Charlemagne, the Holy Roman Emperor watched the cathedral burning. The Crown of Thorns had turned into ashes, and the old relics were gone.
The brave Emperor thought what more could be done now? As his horse, his vassals and he himself were legless- a bronze piece of fiction.
While the wind around him gushed terribly, thick with smoke and embers, stiflingly warm.
The old Emperor grunted, turned around in disgust, and asked a horrified tourist to carry him to the Rue de la Bûcherie.
A man who had known me for a long time said encouragingly once, “At fifty, if you keep fit, a few women will surely be attracted to you.”
He was driving. I don’t drive. I waited, uncomfortably, beside him, pretending glee. While my eyes were on the windscreen watching a cow licking a wounded bull on the road. Who knew who she belonged to.
The man shifted the soliloquy to self-driving cars. Two thousand twenty five was not so far away. Robots would take our jobs. AI would write our poems. Money would be hummed out of a million servers.
Feminists would destroy our families. The sisters would take our children away and make them eat kale breakfast, why? Because, they can! Men would not know their place. Love would be disastrous for personal ego, et cetera.
Only cows, he said,
Only cows, if free, if they so would desire, would unflinchingly adore the bulls in the small hum of sweltering asphalt roads. And that would be a sight of hope.
Happiness girls are standing on the tarmac of a red plane- bare teeth, pulsing; their breasts are proud like upper class- their leggings plump boast like hope.
In the dream of a dream of the edgy runway lights. The turn from here is a stroll. A norm-bound, debt-bound a port that devours and despises a man who’s drunk one too many on the flight, cheap and on the red eye. Now leering.
From the nose to the tail of the plane- fluttering and fleet like flames- ebullient nymphs, women who know no bitterness. A sea of plain and contrite men who have lusted but not made a claim- burlesque!- the girls are giggling and raising my hope.
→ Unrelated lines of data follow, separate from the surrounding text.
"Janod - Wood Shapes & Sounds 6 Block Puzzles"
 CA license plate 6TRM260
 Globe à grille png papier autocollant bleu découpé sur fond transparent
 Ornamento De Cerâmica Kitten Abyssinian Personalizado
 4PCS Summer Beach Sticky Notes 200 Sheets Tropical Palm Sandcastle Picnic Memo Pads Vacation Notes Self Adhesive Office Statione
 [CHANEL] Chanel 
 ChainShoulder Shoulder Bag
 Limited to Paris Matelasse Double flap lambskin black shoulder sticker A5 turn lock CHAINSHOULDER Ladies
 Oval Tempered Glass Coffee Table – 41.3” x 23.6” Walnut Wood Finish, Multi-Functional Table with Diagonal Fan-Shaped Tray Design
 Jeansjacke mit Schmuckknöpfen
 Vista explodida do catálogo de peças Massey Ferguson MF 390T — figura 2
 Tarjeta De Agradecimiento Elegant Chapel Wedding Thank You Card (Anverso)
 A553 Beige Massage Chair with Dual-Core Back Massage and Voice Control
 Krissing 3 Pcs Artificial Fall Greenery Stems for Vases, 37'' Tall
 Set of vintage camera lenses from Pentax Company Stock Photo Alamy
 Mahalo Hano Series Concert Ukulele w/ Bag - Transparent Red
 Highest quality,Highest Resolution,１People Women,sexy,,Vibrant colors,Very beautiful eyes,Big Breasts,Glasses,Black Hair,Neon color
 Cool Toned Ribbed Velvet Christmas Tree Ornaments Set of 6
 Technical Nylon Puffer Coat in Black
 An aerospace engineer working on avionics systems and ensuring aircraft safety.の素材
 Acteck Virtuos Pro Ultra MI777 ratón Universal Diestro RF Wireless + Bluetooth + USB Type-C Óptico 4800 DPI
Not to stop now, not to stray from the path, and not to forget the rules of a monogamous love; and to go on without the hope of a lay with the happiness girls is for the best, I know.
But, heavens, I am so sad.
While reading a biography- a new book- life of Michelangelo or Kemal Pasha; invariably I will ask on some grand pages, “Did he know?”
“Did he know what?”
“Did he know how would it end, how would he himself die?”
“No one could possibly know that. Don’t be silly!” I will chide myself.
But as soon as the conversation is over- me naive being silenced by me reasonable- there will be a self-assurance of a fortune teller and an anxiety of a disciple, in me, while looking at the prospect of a great man.
The toilet sweepers of the Bangalore malls are the cleaners of the mess that I am leaving behind. Wiping the arrogance of a man who carries a stack of cash and cards; so that the diligent SOBs can marry well; their sons may someday come to the malls in a car.
I will tell my sons not to trust them.
By then, my boys will grow up to be the savers of whales, the empathizers, the artists, the angels of the world. And money will be mute.
The sweepers’ sons will get down to see the servant bots have come forward with marigold garlands to greet, and to clean after them. The glistening light reflecting against their translucent blue armors will blind the sons so bright that they will forget that the bots are wearing now their fathers’ all wither skin.